Will Curtis be mistaken for a waiter if he wears his"dinner jacket" as Elise cautions him or will Teddy and Maya even reach the altar?  Let A. R.Gurney play flower girl and surprise you with the bouquet.

Friday, May 17, 2013

"IN A YEAR WITH 13 MOONS" A STRANGE ODYSSEY



If being born under a black cloud or a tall ladder are indications of bad luck, what is the significance of being brought into this world in a year of thirteen moons?  For Erwin, a product of an upbringing in an orphanage, the consequences are tragic.

To enter Erwin's bizarre world of troubles and despairs, cautiously proceed to the Yale Repertory Theatre in New Haven to become immerced in the world premiere adaptation of "In a Year with 13 Moons," based on a German movie and screenplay by Rainer Werner Fassbinder, adapted for the stage by Bill Camp, who stars in it, and Robert Woodruff, who directs it.  It will run until Saturday, May 18.

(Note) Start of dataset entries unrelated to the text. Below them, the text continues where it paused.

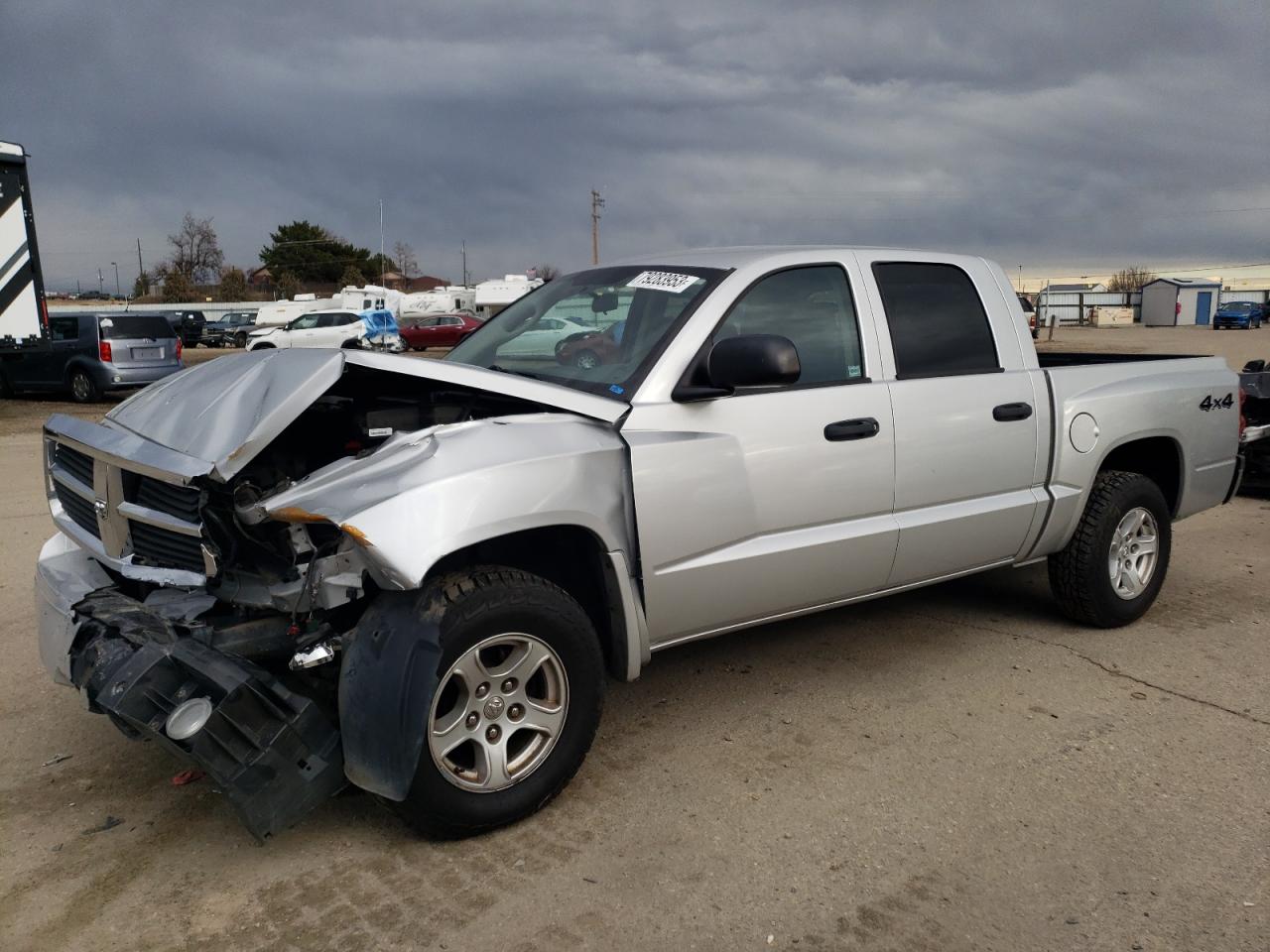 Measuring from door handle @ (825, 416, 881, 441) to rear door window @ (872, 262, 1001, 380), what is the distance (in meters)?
0.33

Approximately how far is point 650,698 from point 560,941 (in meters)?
1.68

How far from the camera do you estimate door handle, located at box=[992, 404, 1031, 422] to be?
4.42 metres

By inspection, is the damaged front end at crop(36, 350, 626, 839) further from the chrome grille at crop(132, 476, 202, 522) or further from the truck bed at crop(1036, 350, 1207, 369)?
the truck bed at crop(1036, 350, 1207, 369)

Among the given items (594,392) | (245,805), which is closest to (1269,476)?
(594,392)

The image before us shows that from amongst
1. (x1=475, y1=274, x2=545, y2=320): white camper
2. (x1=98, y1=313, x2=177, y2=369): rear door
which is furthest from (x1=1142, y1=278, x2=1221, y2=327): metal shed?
(x1=98, y1=313, x2=177, y2=369): rear door

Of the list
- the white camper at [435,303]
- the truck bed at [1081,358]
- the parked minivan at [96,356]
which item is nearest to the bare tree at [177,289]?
the white camper at [435,303]

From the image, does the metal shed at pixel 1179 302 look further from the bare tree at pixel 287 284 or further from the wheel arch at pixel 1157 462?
the wheel arch at pixel 1157 462

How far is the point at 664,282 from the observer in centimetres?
405

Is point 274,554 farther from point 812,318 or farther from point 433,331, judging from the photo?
point 433,331

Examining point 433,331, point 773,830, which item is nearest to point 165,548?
point 773,830

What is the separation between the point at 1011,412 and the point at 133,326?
1654 cm

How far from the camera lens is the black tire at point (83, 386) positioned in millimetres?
17203

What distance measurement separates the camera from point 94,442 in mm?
3461

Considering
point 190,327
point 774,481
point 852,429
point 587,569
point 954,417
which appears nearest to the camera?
point 587,569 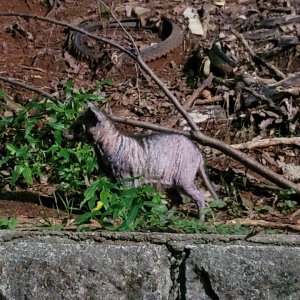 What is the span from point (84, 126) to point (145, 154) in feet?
1.84

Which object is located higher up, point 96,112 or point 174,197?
point 96,112

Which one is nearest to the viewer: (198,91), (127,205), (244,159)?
(127,205)

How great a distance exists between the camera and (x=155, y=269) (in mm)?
3391

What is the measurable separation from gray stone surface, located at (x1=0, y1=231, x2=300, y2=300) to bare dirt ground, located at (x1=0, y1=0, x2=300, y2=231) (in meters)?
3.24

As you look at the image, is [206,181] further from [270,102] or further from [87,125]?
[270,102]

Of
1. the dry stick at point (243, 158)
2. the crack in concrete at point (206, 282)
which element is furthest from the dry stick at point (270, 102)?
the crack in concrete at point (206, 282)

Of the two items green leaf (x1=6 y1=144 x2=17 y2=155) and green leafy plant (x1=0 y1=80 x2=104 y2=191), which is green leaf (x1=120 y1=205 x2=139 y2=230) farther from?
green leaf (x1=6 y1=144 x2=17 y2=155)

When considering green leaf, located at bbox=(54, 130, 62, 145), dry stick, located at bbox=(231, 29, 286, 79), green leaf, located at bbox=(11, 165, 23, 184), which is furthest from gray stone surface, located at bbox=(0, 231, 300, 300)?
dry stick, located at bbox=(231, 29, 286, 79)

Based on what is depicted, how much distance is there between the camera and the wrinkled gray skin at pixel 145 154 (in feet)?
23.7

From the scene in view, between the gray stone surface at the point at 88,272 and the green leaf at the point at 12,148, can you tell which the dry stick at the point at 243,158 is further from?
the gray stone surface at the point at 88,272

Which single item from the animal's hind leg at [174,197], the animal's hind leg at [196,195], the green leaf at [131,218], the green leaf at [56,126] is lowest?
the animal's hind leg at [174,197]

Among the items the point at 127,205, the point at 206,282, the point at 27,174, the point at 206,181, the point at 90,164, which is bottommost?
the point at 206,181

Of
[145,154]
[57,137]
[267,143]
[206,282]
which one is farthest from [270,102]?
[206,282]

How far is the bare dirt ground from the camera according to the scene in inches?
308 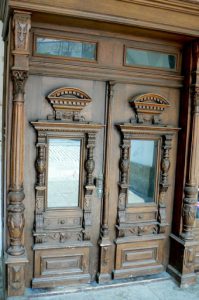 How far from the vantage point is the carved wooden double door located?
2723mm

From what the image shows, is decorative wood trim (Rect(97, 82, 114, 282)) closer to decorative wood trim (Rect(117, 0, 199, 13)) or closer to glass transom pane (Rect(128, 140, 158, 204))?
glass transom pane (Rect(128, 140, 158, 204))

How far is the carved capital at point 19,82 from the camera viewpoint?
2367mm

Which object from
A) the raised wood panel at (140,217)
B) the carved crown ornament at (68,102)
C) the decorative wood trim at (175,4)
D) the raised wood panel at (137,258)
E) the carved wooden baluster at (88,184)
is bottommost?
the raised wood panel at (137,258)

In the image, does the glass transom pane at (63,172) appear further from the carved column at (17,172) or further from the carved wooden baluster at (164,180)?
the carved wooden baluster at (164,180)

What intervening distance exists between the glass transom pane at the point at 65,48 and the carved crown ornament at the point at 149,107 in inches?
21.7

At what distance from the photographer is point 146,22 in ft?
8.55

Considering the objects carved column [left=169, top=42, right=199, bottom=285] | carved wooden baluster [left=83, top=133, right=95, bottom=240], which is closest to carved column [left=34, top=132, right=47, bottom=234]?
carved wooden baluster [left=83, top=133, right=95, bottom=240]

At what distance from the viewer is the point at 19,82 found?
2.40m

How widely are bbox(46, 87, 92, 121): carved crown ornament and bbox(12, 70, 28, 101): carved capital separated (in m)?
0.29

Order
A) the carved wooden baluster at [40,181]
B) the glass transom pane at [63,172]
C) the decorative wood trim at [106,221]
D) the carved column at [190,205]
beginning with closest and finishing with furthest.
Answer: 1. the carved wooden baluster at [40,181]
2. the glass transom pane at [63,172]
3. the decorative wood trim at [106,221]
4. the carved column at [190,205]

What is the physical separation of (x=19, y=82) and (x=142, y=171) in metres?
1.41

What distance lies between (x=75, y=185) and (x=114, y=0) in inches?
60.8

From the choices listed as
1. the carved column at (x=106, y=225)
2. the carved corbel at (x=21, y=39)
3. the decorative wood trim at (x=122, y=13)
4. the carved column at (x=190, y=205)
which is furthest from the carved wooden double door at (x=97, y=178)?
the decorative wood trim at (x=122, y=13)

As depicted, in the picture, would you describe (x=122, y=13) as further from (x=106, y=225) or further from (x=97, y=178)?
(x=106, y=225) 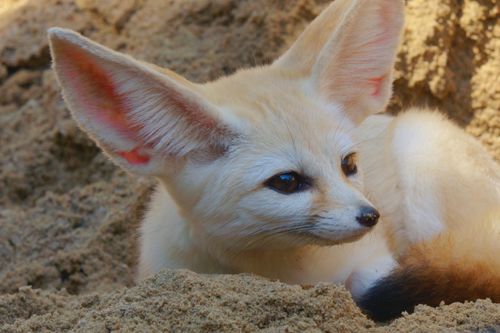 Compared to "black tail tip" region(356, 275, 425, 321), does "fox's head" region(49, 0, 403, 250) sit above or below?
above

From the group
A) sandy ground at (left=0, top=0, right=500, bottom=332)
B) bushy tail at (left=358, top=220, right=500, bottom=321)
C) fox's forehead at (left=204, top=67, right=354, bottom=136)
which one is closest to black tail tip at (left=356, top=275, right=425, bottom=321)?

When the object of his affection casually comments to Erwin, "too bad you're not a girl," it sets him on an odyssey with profound consequences.  A trip to Casablanca results in Erwin becoming Elvira in a blind effort to love and be loved.

Bill Camp's confusing journey as Erwin/Elvira includes killing animals in a slaughterhouse, being brutally attacked for his/her sexuality, almost choking to death, fathering a child, watching a stranger commit suicide and confronting the man, one Anton Saitz (Christopher Innvar) who started him on his futile quest and much, much more.

The play spirals out of control as Elvira experiences the last five days of her life, revisiting that major guideposts that led her to her current state of loneliness, despair and agony. 

For tickets ($20-96), call the Yale Rep, 1120 Chapel Street, New Haven at  203-432-1234 or online at www.yalerep.org.

This densely layered drama that gives new meaning to avant-garde theatre is suited for the brave of heart willing to challenge the unknown.